_TASK ITEM_
The reply should consist solely of the lines from the one that holds "Designpremium Medvilninė pagalvės" through the last line of the material, reproduced exactly; no pictures belong in it.

_RECORD EXTRACTS_
# # #
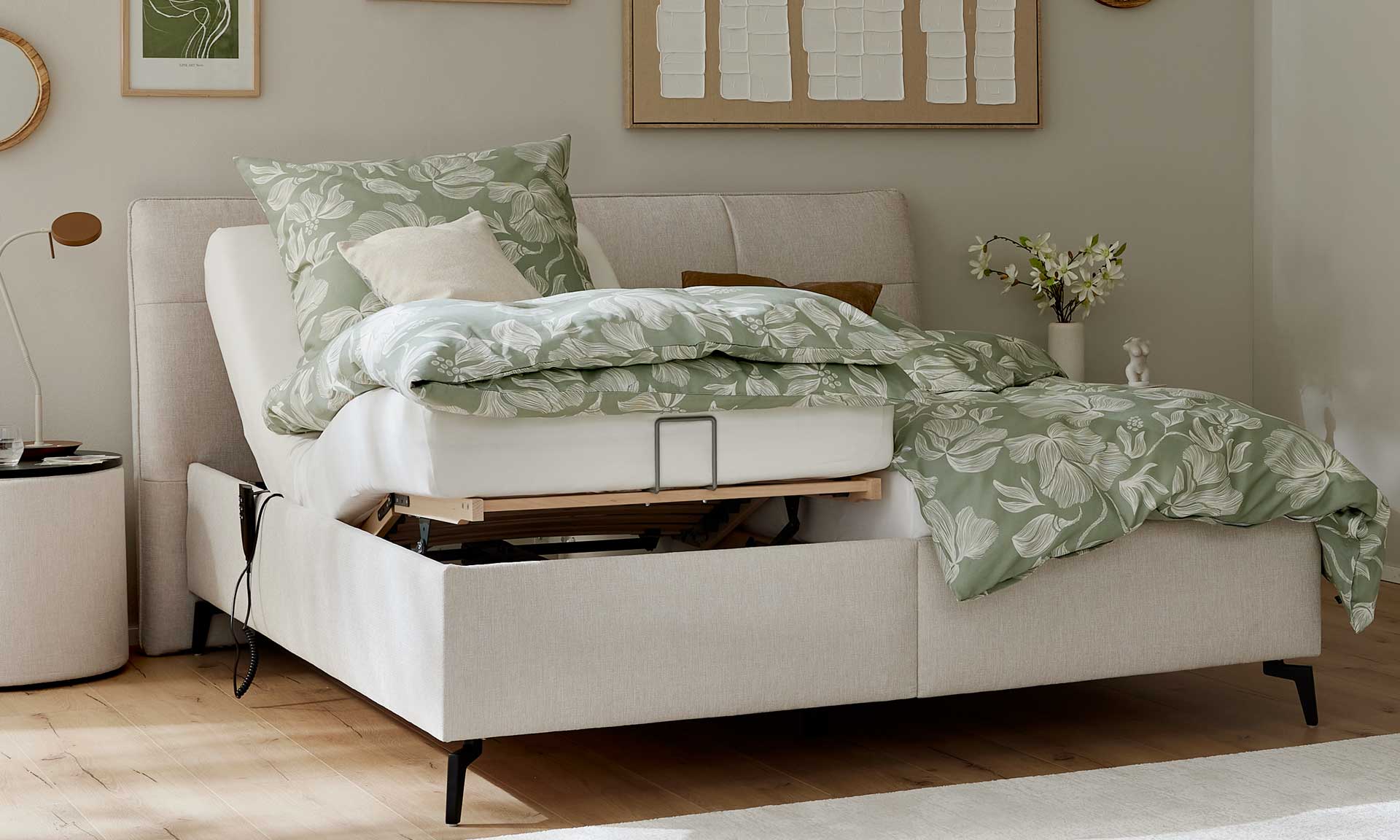 Interliving Polsterbett Serie 1423 - Jubiläumsedition 2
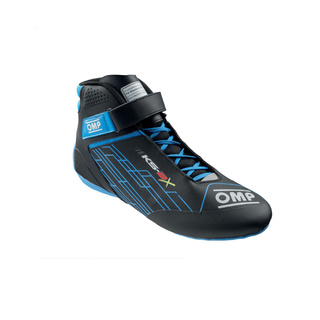 Chaussures OMP KS-2X noires/bleues (FIA)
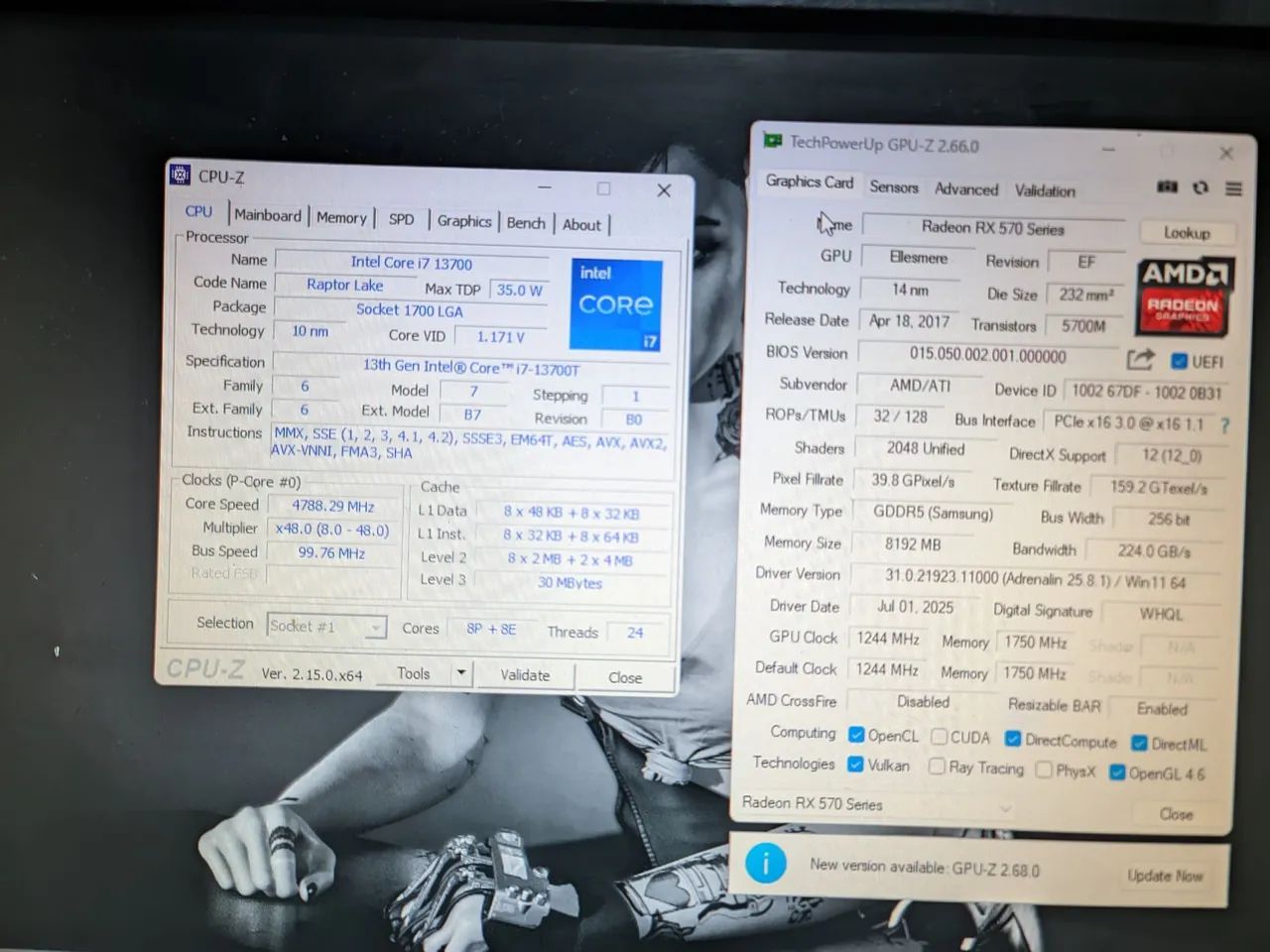 Pc gamer i7 13700t, 24gb Ram, Rx 570 8gb - Foto 5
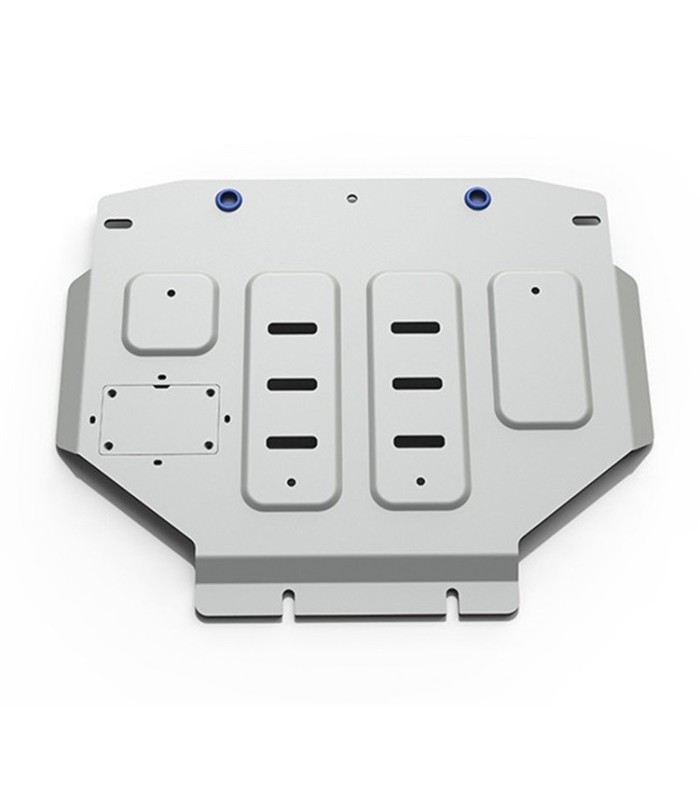 Protector de motor RIVAL en aluminio de 6mm  para Toyota Land Cruiser 200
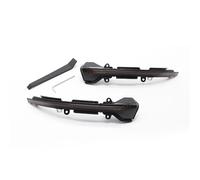 Auto Specchietto Laterale Indicatore Per Seat Per Ibiza 6F 2017 2018 2019 Indicatore Di Direzione A LED Dinamico Nero Con Indicatore Di Direzione Sequenziale E Luce Lampeggiante(Left and Right)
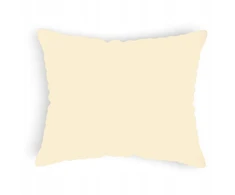 Designpremium Medvilninė pagalvės užvalkalas 40x60 cm, ekru, vienspalvis
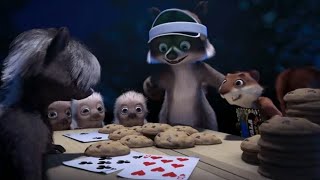 Over the Hedge  Verne Hides amp Heist  Music Scene  Rupert GregsonWilliams and Ben Folds [upl. by Imerej]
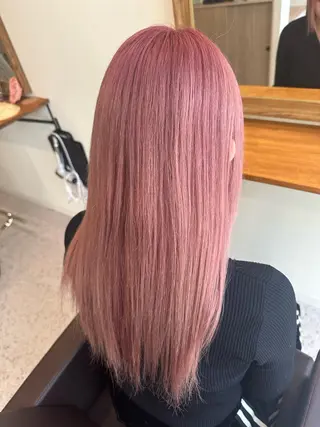 ロング カラー モテ髪作ります✨ 九十九渚のヘアスタイル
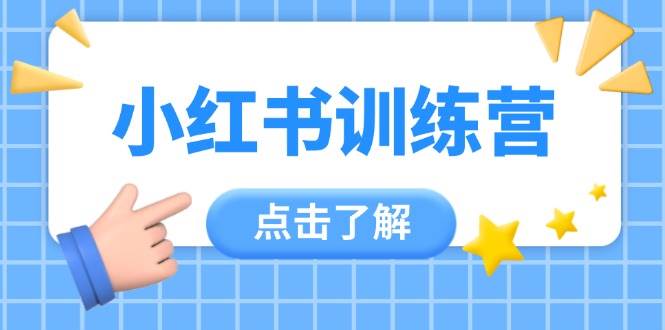 小红书训练营，助小白入门，掌握技巧变达人，课程实操又全面(12节课)-源创极客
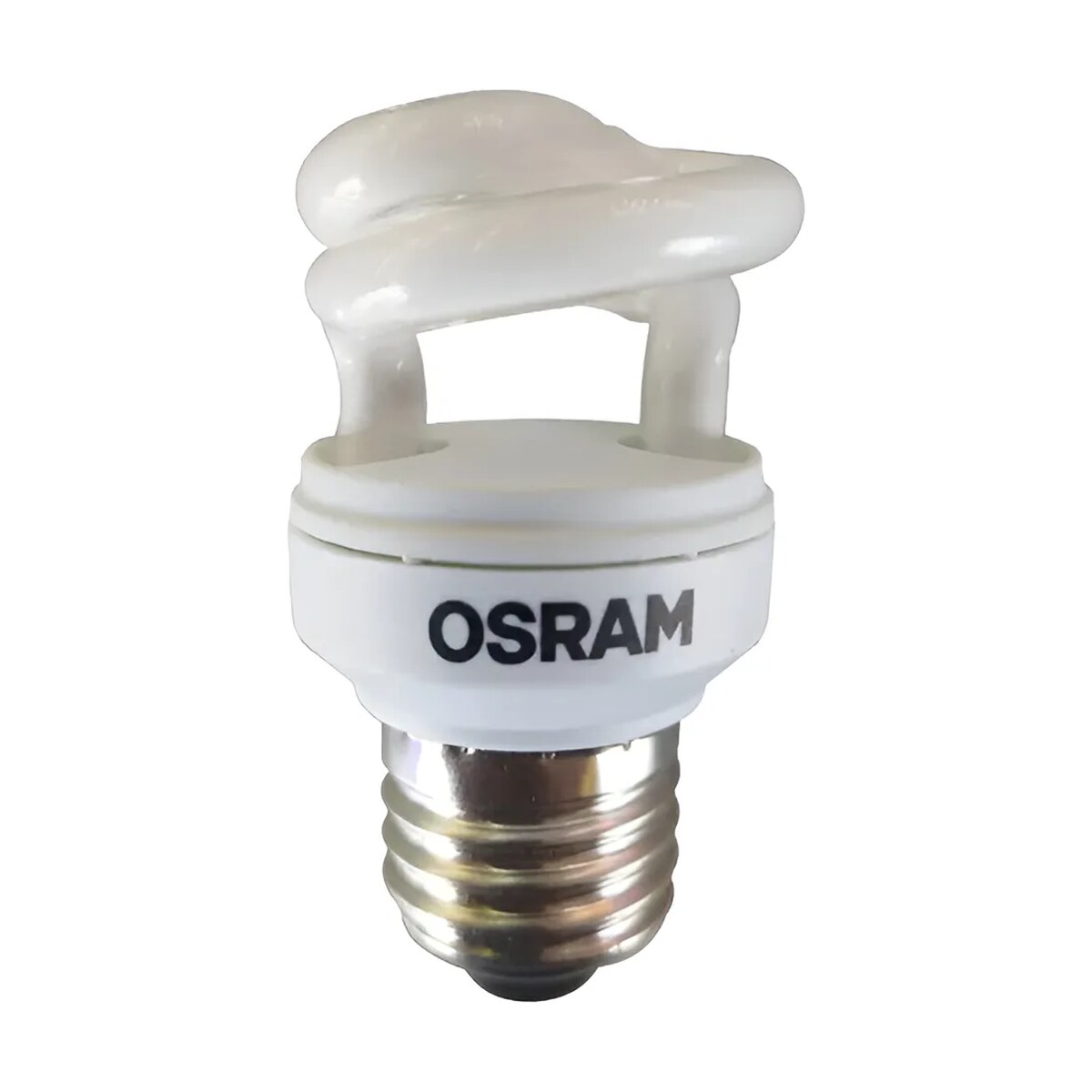 Lâmpada Compacta Espiral 8/9W 220V 827 - Osram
# # #
_OUTPUT FOR THIS TASK_
 Designpremium Medvilninė pagalvės užvalkalas 40x60 cm, ekru, vienspalvis
 Over the Hedge  Verne Hides amp Heist  Music Scene  Rupert GregsonWilliams and Ben Folds [upl. by Imerej]
 ロング カラー モテ髪作ります✨ 九十九渚のヘアスタイル
 小红书训练营，助小白入门，掌握技巧变达人，课程实操又全面(12节课)-源创极客
 Lâmpada Compacta Espiral 8/9W 220V 827 - Osram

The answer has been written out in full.